Israels Premier setzt im Wahlkampf alles auf eine Karte und verspricht den jüdischen Siedlern die Annexion des Westjordantals.

Das fruchtbare Westjordantal ist umstritten.
Das fruchtbare Westjordantal ist umstritten.
Das fruchtbare Westjordantal ist umstritten. – (c) Reuters

Benjamin Netanjahu kämpft bei den von ihm vom Zaun gebrochenen Neuwahlen am Dienstag in Israel an vielerlei Fronten: Die Wahlversprechen sind groß, und der Einsatz im Wahlpoker ist hoch - auch der ganz persönliche.

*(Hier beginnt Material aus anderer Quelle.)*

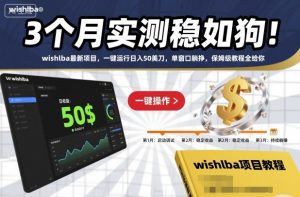 3个月实测稳如狗！wishlba最新项目，一键运行日入50美刀，单窗口躺挣，保姆级教程全给你【揭秘】-柯南聊项目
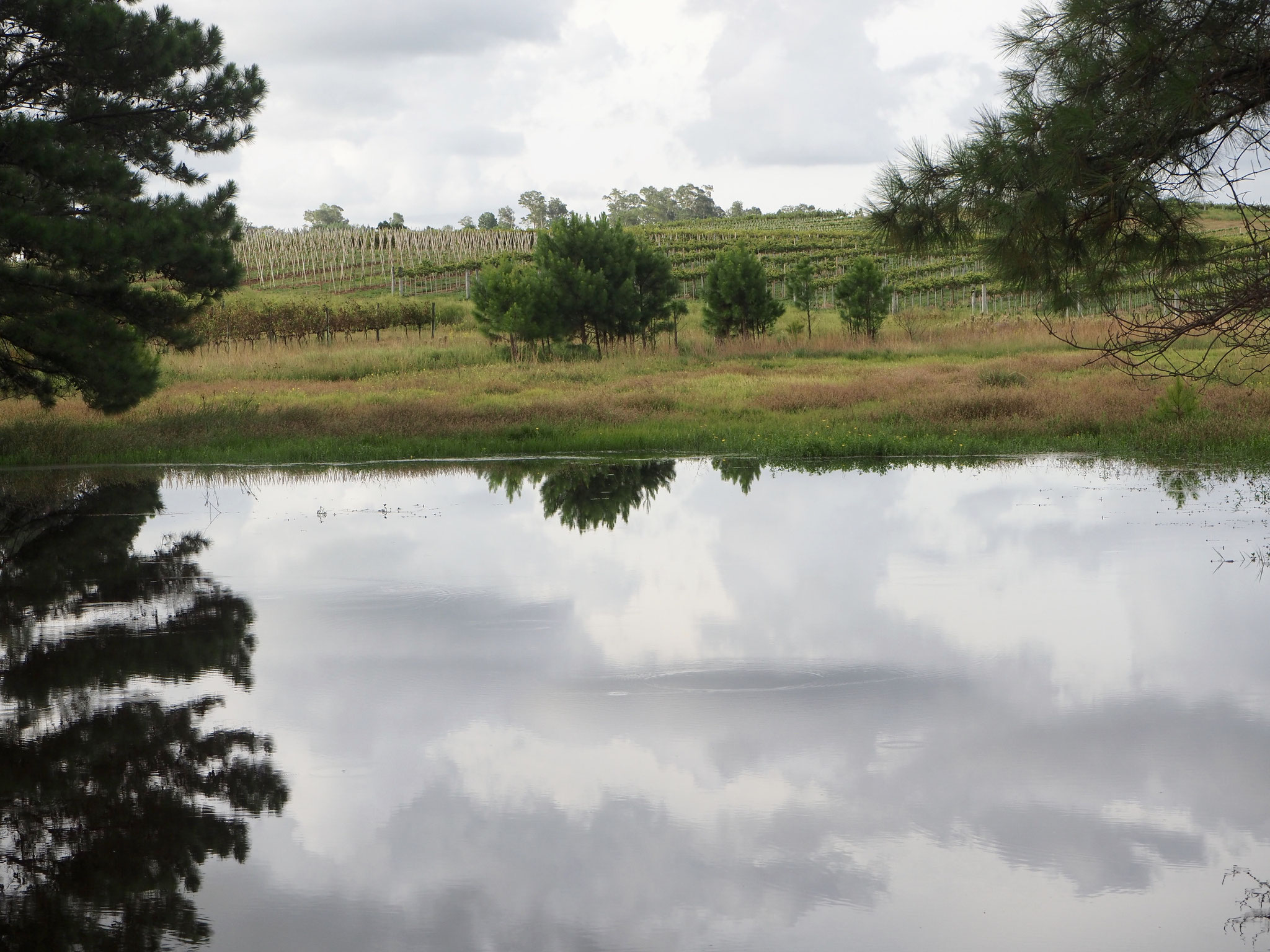 Meer in bodega Cerra Chapeau Uruguay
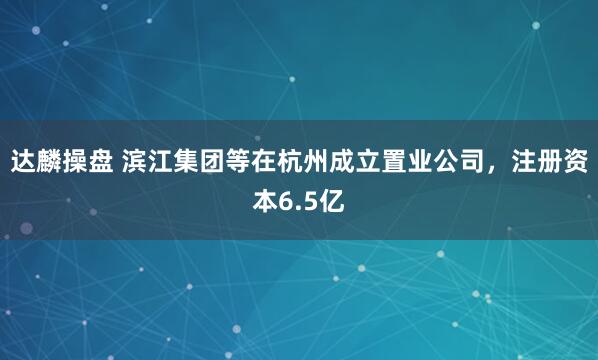 达麟操盘 滨江集团等在杭州成立置业公司，注册资本6.5亿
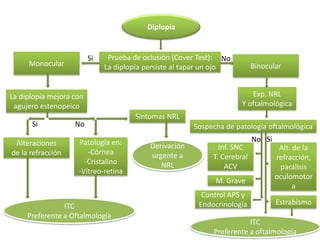 Diplopía


                         Si    Prueba de oclusión (Cover Test): No
     Monocular                La diplopía persiste al tapar un ojo         Binocular


La diplopía mejora con                                                   Exp. NRL
 agujero estenopeico                                                  Y oftalmológica
                                      Síntomas NRL
      Si           No                                   Sospecha de patología oftalmológica

 Alteraciones       Patología en:                                          No Si
                                           Derivación          Inf. SNC             Alt. de la
de la refracción       -Córnea             urgente a         T. Cerebral           refracción,
                      -Cristalino             NRL                ACV                parálisis
                    -Vítreo-retina
                                                                                   oculomotor
                                                              M. Grave
                                                                                         a
                                                          Control APS y
                                                         Endocrinología            Estrabismo
                ITC
     Preferente a Oftalmología
                                                                        ITC
                                                             Preferente a oftalmología
 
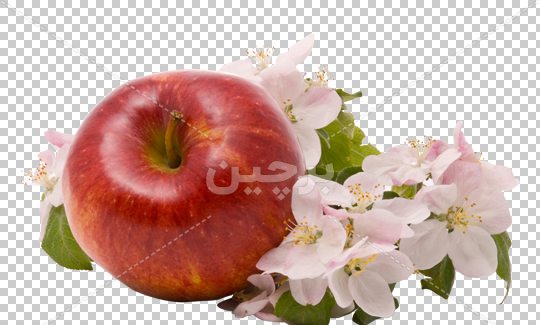 عکس شکوفه سیب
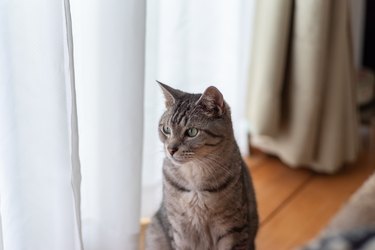 cat by window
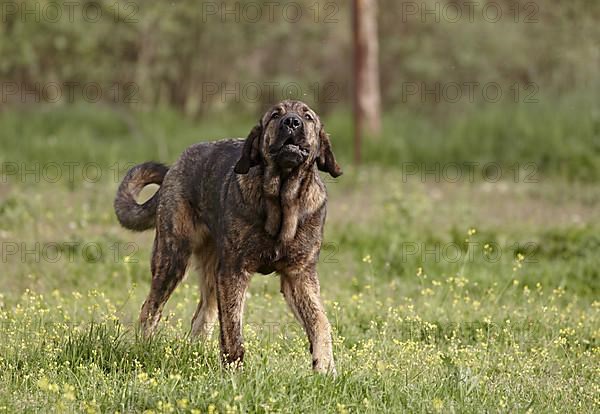 Domestic Dog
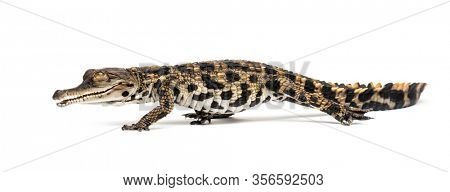 Walking Young West African slender-snouted crocodile, Mecistops cataphractus, isolated on white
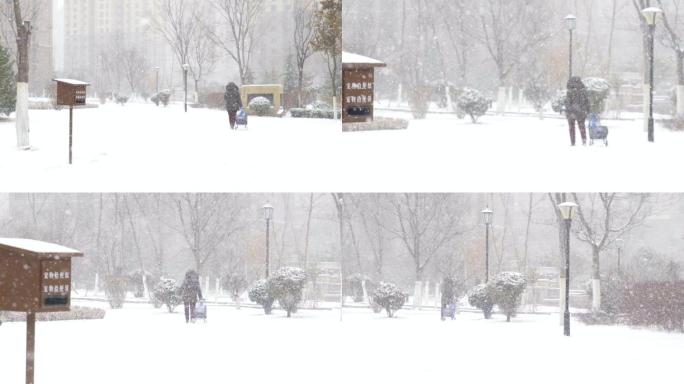 4K大雪-下雪-风雪中老人孤独的背景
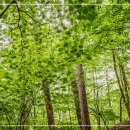 연세나루정신건강의학과의원 이미지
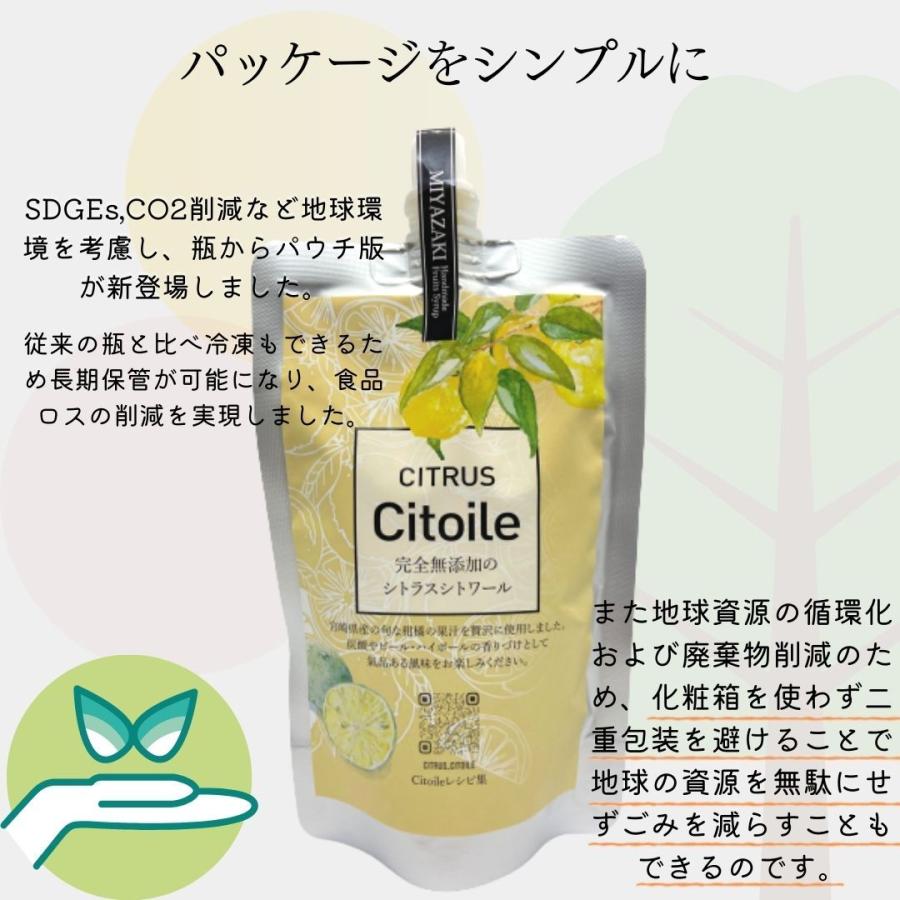 柑橘シロップ 250g×2本 40杯 シトラスシトワール 宮崎県産 無 柑橘シロップ 250g×2本 40杯 シトラスシトワール 宮崎県産 無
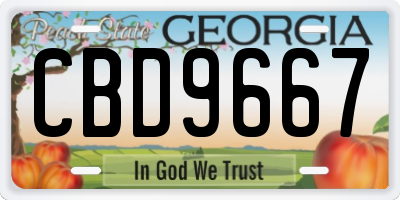 GA license plate CBD9667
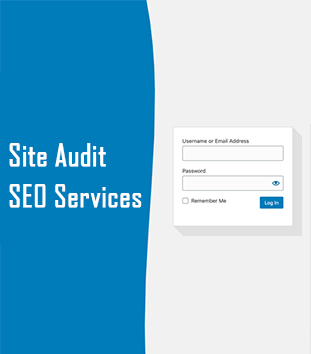 Site Audit SEO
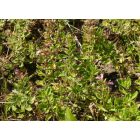 Sarlós gamandor (Teucrium chamaedrys) vetőmag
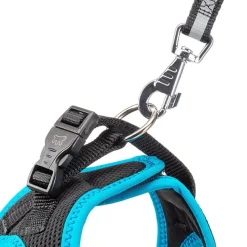 Ferplast Kaori P XL Arnés Negro y Azul 0.1067kg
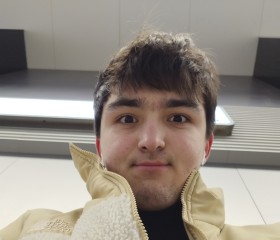 Ali, 21, Naaldwijk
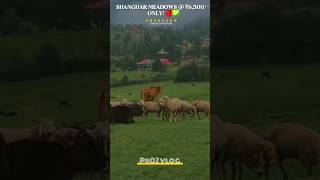 Shangarh Himachal Pradesh | Himachal Offbeat Destinations | Shangarh Sainj Valley | Manali Trip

Bodyguards zerrten ihn am Dienstagabend von der Bühne in der südisraelischen Küstenstadt Ashdod, als schriller Bombenalarm ertönte. Das Abwehrsystem „Iron Dome“ fing die vom Gazastreifen abgefeuerten Raketen auf Ashdod und Ashkelon ab, und der Premier konnte seine Wahlkampfkundgebung nach einigen Minuten unter „Bibi“-Sprechchören fortsetzen. Israels Luftwaffe flog daraufhin Vergeltungsschläge gegen Hamas-Ziele in Gaza.